All those new pages and phrases represent new requirements and mandates to be implemented by hundreds, if not thousands, of pages of regulations. And while the obstinacy of the health care industry may make federal transparency requirements necessary, new regulations and mandates should be nothing for conservatives to celebrate.
Never-Ending Spending Cycle
The transparency provisions ultimately amount to fancy window dressing — the proverbial lipstick on the pig. The main driver of this legislation — the thing that makes it “must-pass” — comes from its spending: the community health center funding and the waiver of the DSH reductions.
Consider that the bill introduced by Republican leaders last Friday proposes more than $2 billion in additional mandatory spending compared to the version from just a few months ago, which spent “only” $11 billion on community health centers and related programs. Even if an updated CBO analysis finds that spending is paid for over a decade, this new bill also front-loads the vast majority of its spending over the next two years.

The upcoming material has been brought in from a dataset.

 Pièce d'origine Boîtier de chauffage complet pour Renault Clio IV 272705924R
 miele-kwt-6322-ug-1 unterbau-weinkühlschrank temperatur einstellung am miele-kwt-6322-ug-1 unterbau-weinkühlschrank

The measure doesn’t just represent fiscally dishonest legislation that kicks the can down the line for another two years. It would also set up another “must-pass” measure two years from now to extend these “temporary” provisions yet again, echoing former President Ronald Reagan’s axiom that a government program represents the closest thing to eternal life on Earth.
That next bill two years from now will provide a similar vehicle to attach all manner of sundry health care provisions — new mandates, programs, rules, edicts, and the like. With control of both chambers of Congress and the presidency very much hanging in the balance next November, why a Republican House would create another opportunity two years down the line for the left to pass more elements of its agenda defies all logic.
It really isn’t surprising, therefore, that we have a highly regulated health care system on its way to a single-payer mechanism of full government control. The only question is whether Republican and conservative lawmakers (note that the two terms are not interchangeable) will wise up to the left’s tactics before it’s too late.